Ceremony marks New Mexico spaceport launch
The Associated Press
Aspen, CO Colorado
UPHAM, N.M. – Construction has started on a multi-million-dollar spaceport in the New Mexico desert that is meant to launch private citizens into space.
Gov. Bill Richardson and other dignitaries staged a ceremonial groundbreaking Friday at the remote spaceport site in Sierra County.
The ceremony featured the lift off of model rockets. A road grader cut a 40-foot swath into the desert floor, inciting cheers from a crowd of about 300 people.
“Today will be a signal that America needs to regain its leadership in space, both in national space and commercial space,” Richardson said. “Today is historic because New Mexico leads the nation in commercial space.”
Spaceport America is a taxpayer-funded project where tourists will pay $200,000 to take suborbital flights into space.
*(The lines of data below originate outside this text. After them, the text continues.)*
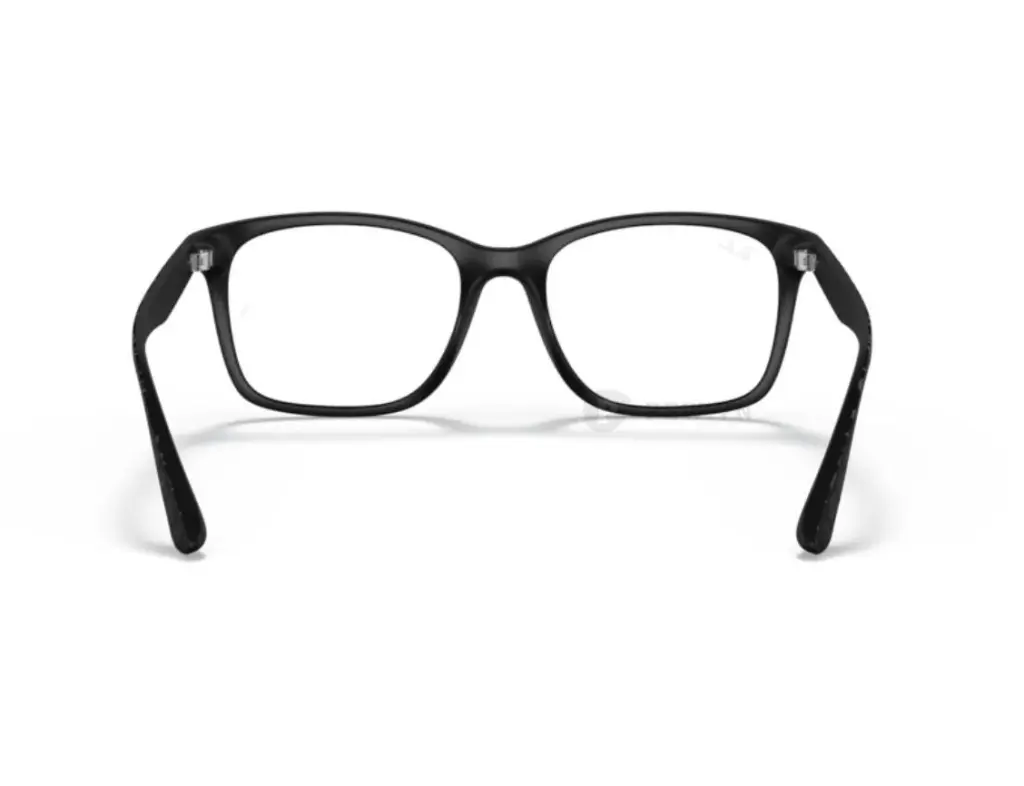 Ray-Ban RX7059D-5196(55)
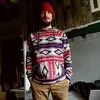 charlesburnham3 - @charlesburnham3 - TikTok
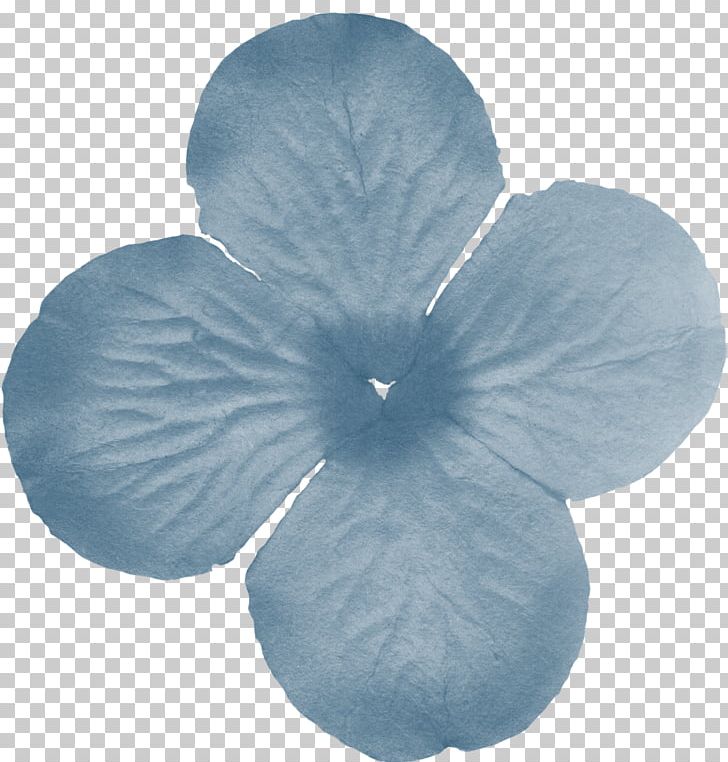 Petal Flower PNG, Clipart, Blue, Copyright, Creative Flower, Decorative, Designer Free PNG Download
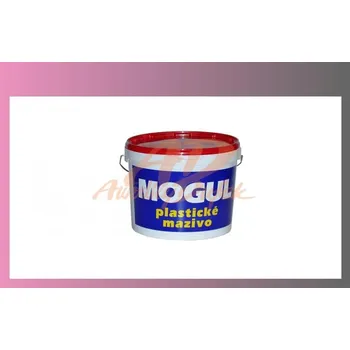 Plastické mazivo mazivo centr.mazání LITON-00- 7kg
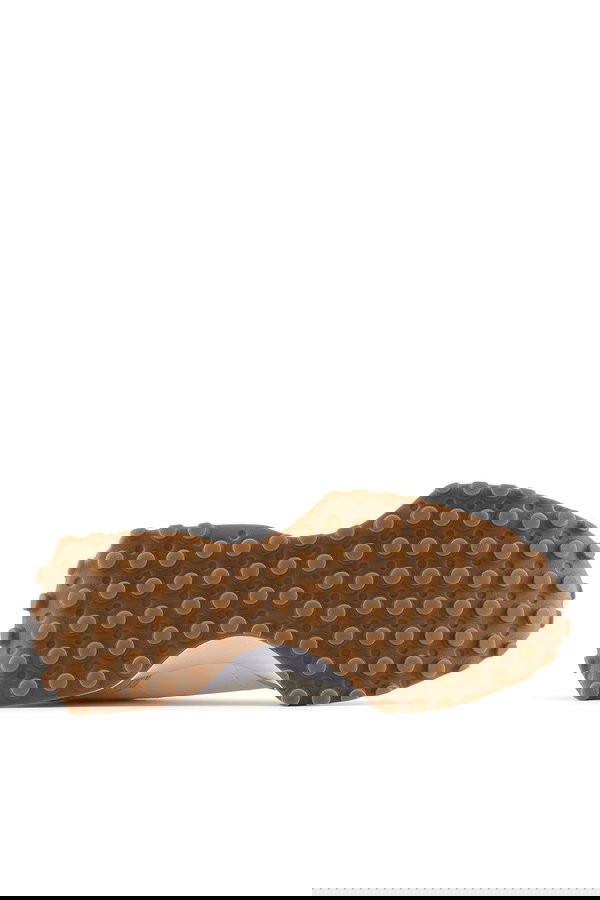 New Balance 327 Kadın Spor Ayakkabı BEJ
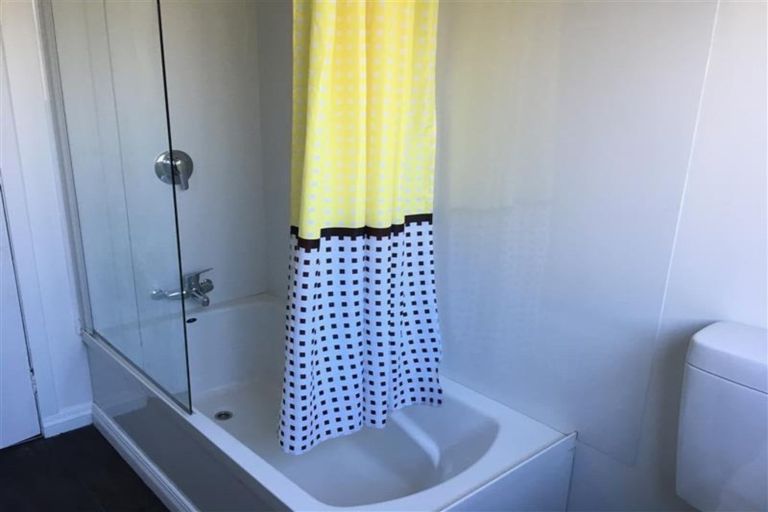 Photo of property in 138 King Street, Windsor, Invercargill, 9810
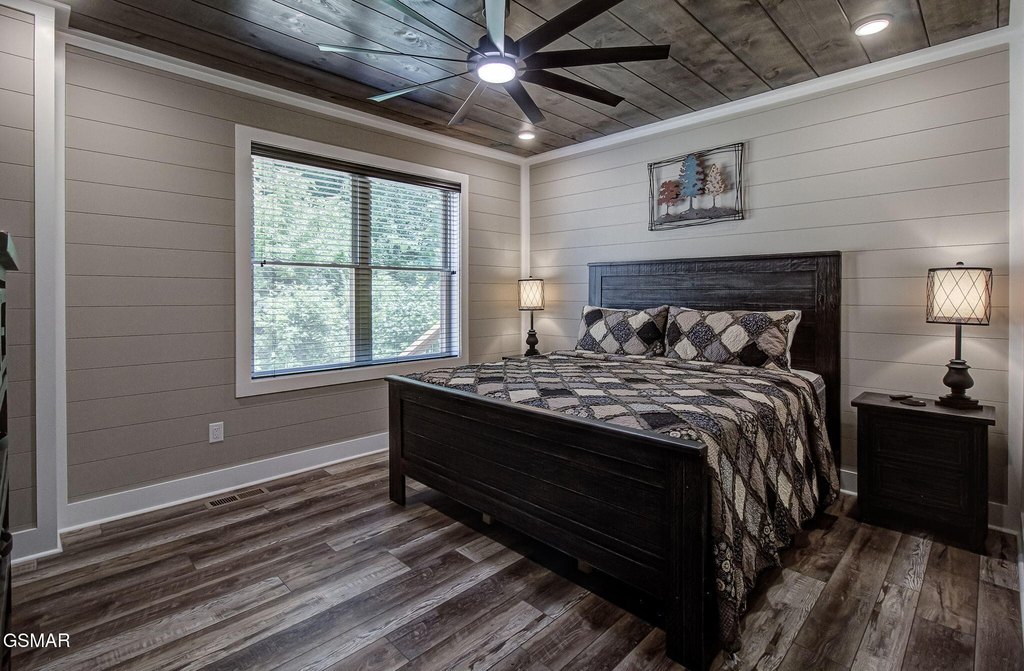 Sevierville, Tennessee, 37876, United States, 2 Bedrooms Bedrooms, ,2.5 BathroomsBathrooms,Residential,Forsale,1936711
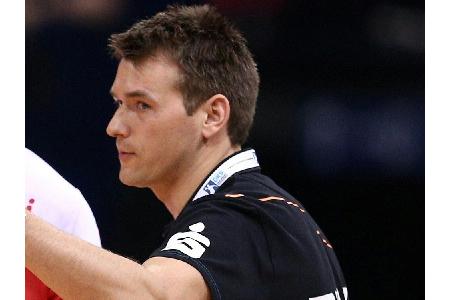 Tag des Handballs: Schon 9000 Karten verkauft - DHB-Team wohl ohne Prokop Tag des Handballs: Schon 9000 Karten verkauft - DHB-Team wohl ohne Prokop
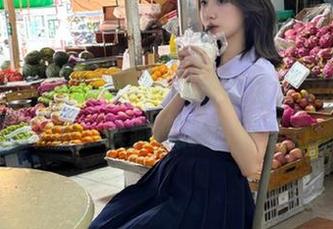 155黑料网怎么登录app步骤详细，收藏吃瓜内容更方便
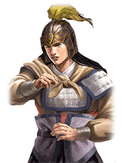 杨弘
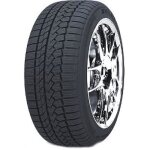 Pneu hiver - goodride - zupersnow z - 507 - 215 / 50 r17 - charge 95 - vitesse v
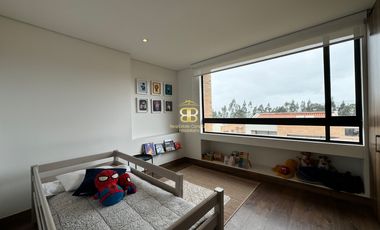 SE VENDE CASA EN CAJICA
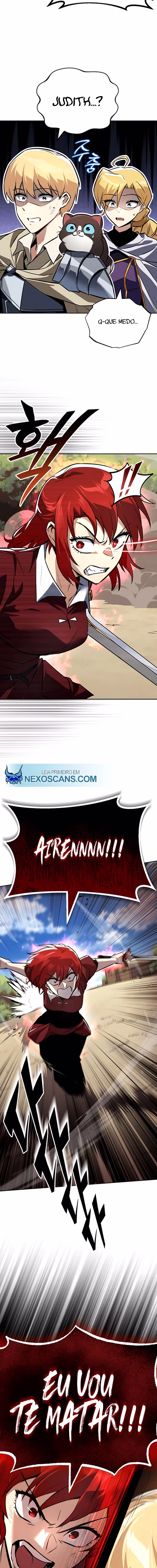 Página 22 do Capítulo 105
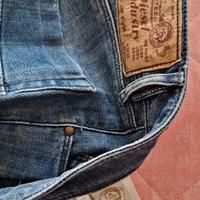 jeans donna Diesel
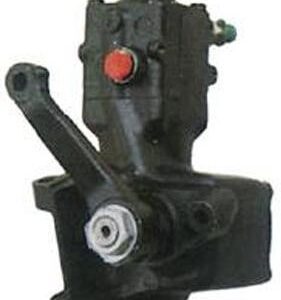 Direcciones Bmw 5 5 (E28)--06/1980->06/1990 Diesel [02168356]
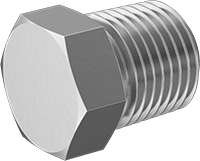 5232T227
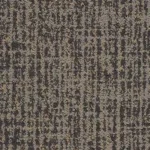 Forces office Carpet Tiles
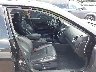1N4AA5AP4EC****** Usados y Reparables 2014 Nissan Maxima en Estado de Alabama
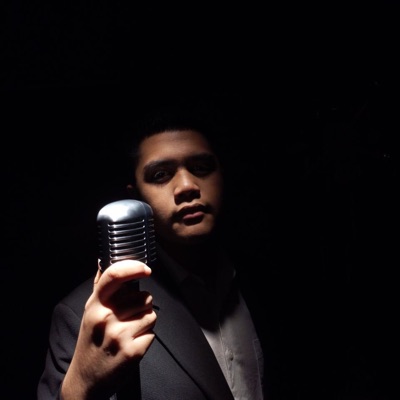 Listen to Alonzo Brata, watch music videos, read bio, see tour dates & more!
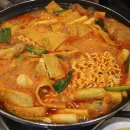 도라무통즉석떡볶이 - 39432 | 도라무통즉석떡볶이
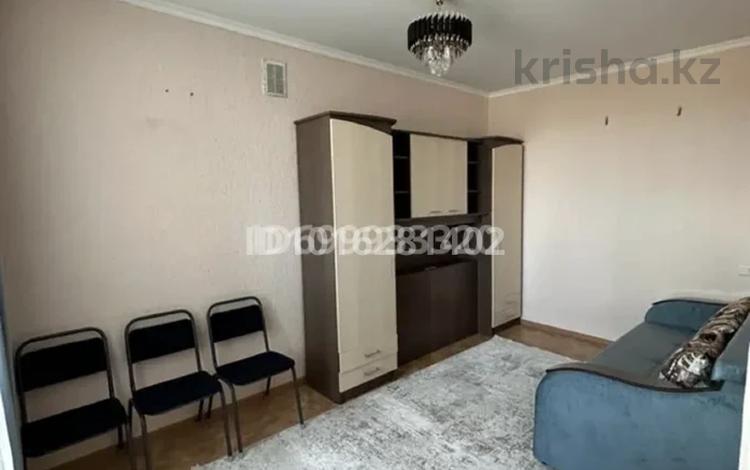 1-комнатная квартира · 30 м² · 5/5 этаж, ЖМ Лесная поляна за 12 млн ₸ в Косшы — фото 2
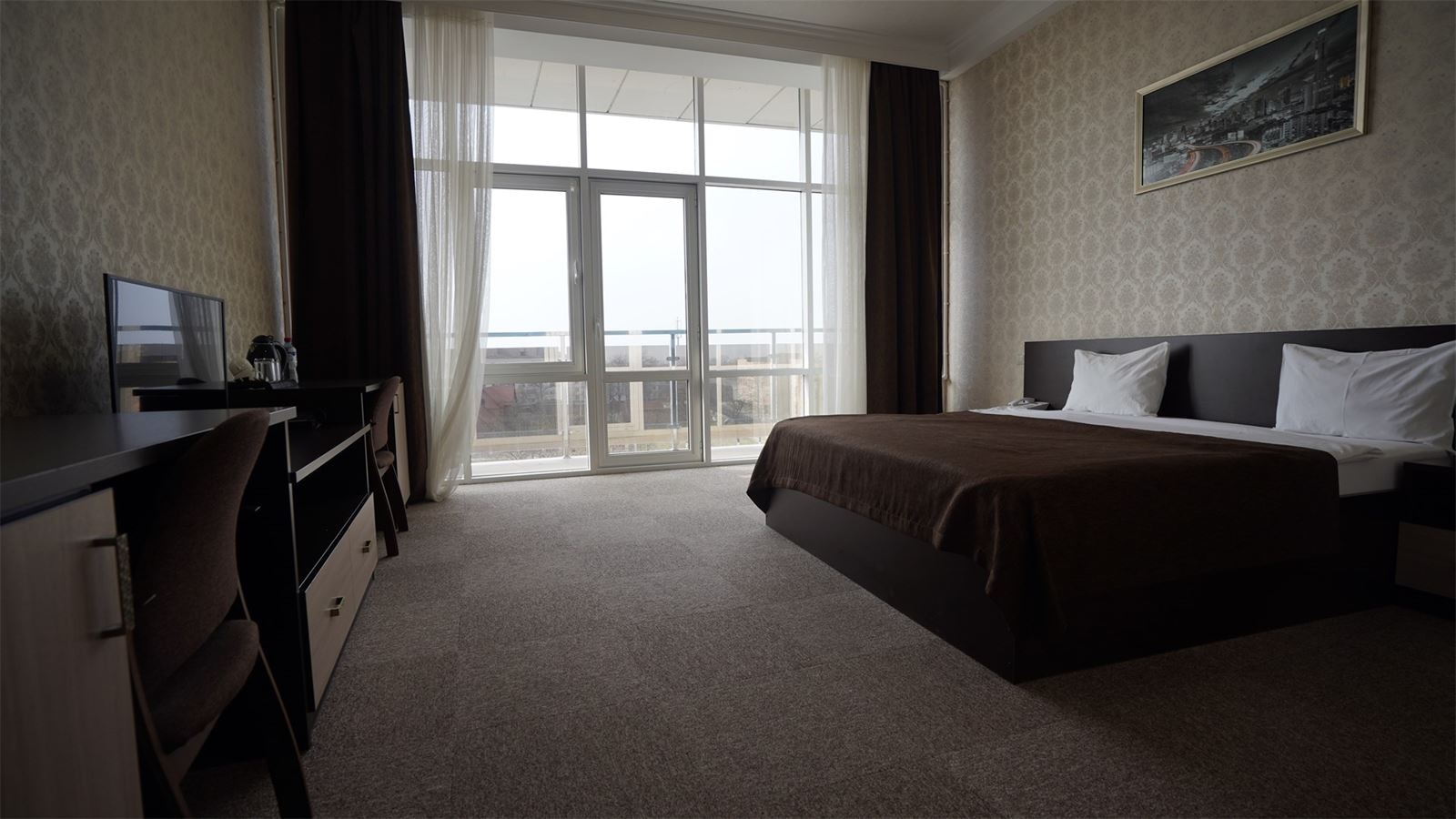 rooms-standard-dbltwine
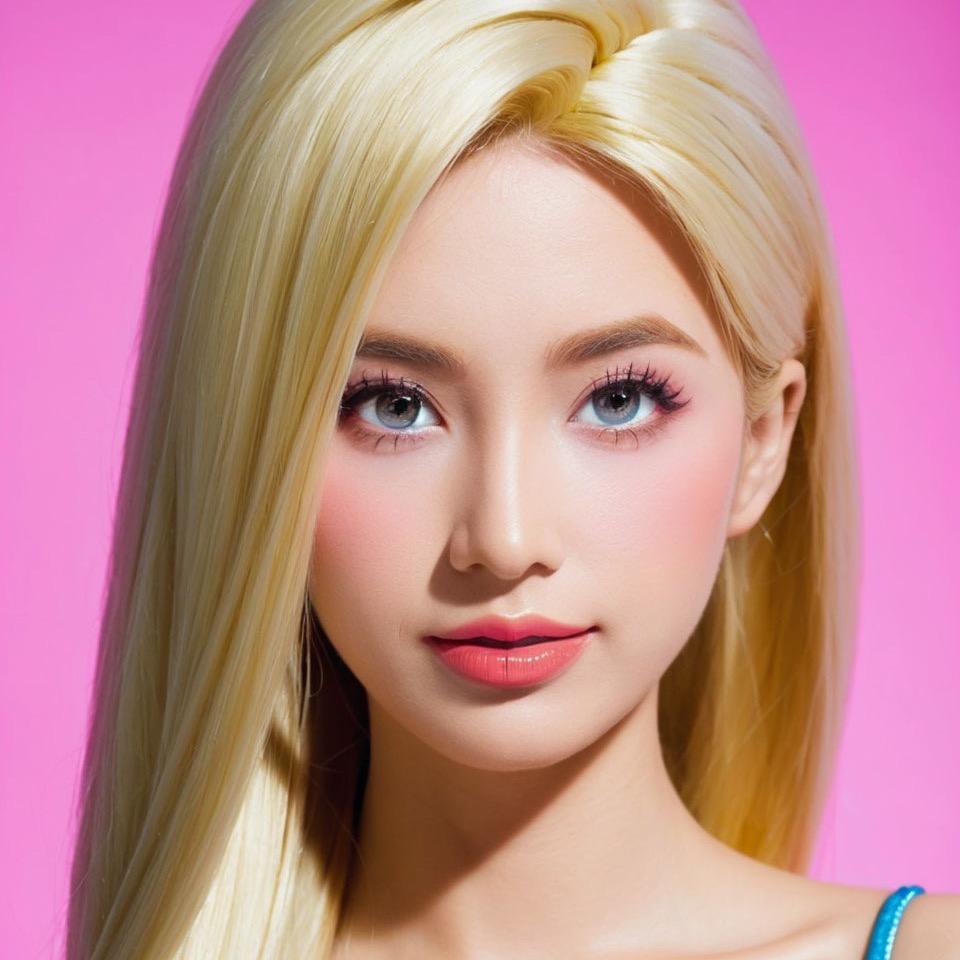 塔塔的小帽子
The site also performs rocket launches for science experiments and other ventures.
Richardson said the spaceport – about 45 miles north of Las Cruces – will provide a major economic development boost for southern New Mexico, along with providing long-term science and math careers for New Mexico students and advancements in renewable energy research.
New Mexico is making a $200 million investment in the project. Virgin Galactic, a company owned by British billionaire Sir Richard Branson, is investing $250 million and will be the spaceport’s anchor tenant.
Virgin Galactic officials said Friday that 300 customers have made down payments to get launched into space.
From a 10,000-foot runway, spacecraft will take flight attached to an airplane, then break free and rocket 62 miles into space before returning to the facility. The flights will last about two hours and include five minutes of weightlessness.
Lina Borozdina-Birch, a 40-year-old chemist from San Diego, was one of the first customers to sign up.
“I’m so excited. Up until this point in my life, it’s been like a science fiction novel,” she said of the prospect of going to space.
Her dream began as she was growing up in the Soviet Union at the time when the country was locked in a space race with the United States. Borozdina-Birch mortgaged her home to afford the $200,000 ticket.
“It’s worth me paying my mortgage for the next 20 years twice to have my dream come true,” she said.
While tourism flights have generated a lot of publicity, Virgin Galactic president Will Whitehorn emphasized that the venture is about commercial space. He said scientists will be able to accompany their experiments to space and the company’s launch system will be able to accommodate satellite launches.
Whitehorn also said it’s important to motivate young people to think of their possibilities. He compared the explorations of Charles Darwin and his research in the Galapagos Islands to what the next generation may be able to do.
“If we don’t have any explorers dreaming of space, there’s no place else to dream about. We have to inspire them,” he said.
During the ceremony, a cast of about a dozen people dressed as Spanish conquistadors walked across the open plain, where construction of the runway is scheduled to begin next month. They carried Spanish colonial flags, poles topped with spears and muskets, evoking images of colonists who came through the area on the Camino Real in the 17th century.
One of the actors presented Richardson with a scroll, symbolizing the connection between the explorers of the past and those of the future.
The spaceport will operate like an airport, offering a location where aerospace companies can lease building and hangar space.
The runway is slated for completion next summer. The terminal and hangar should be ready for tenants in December 2010, when Virgin Galactic hopes to begin taking tourists aloft.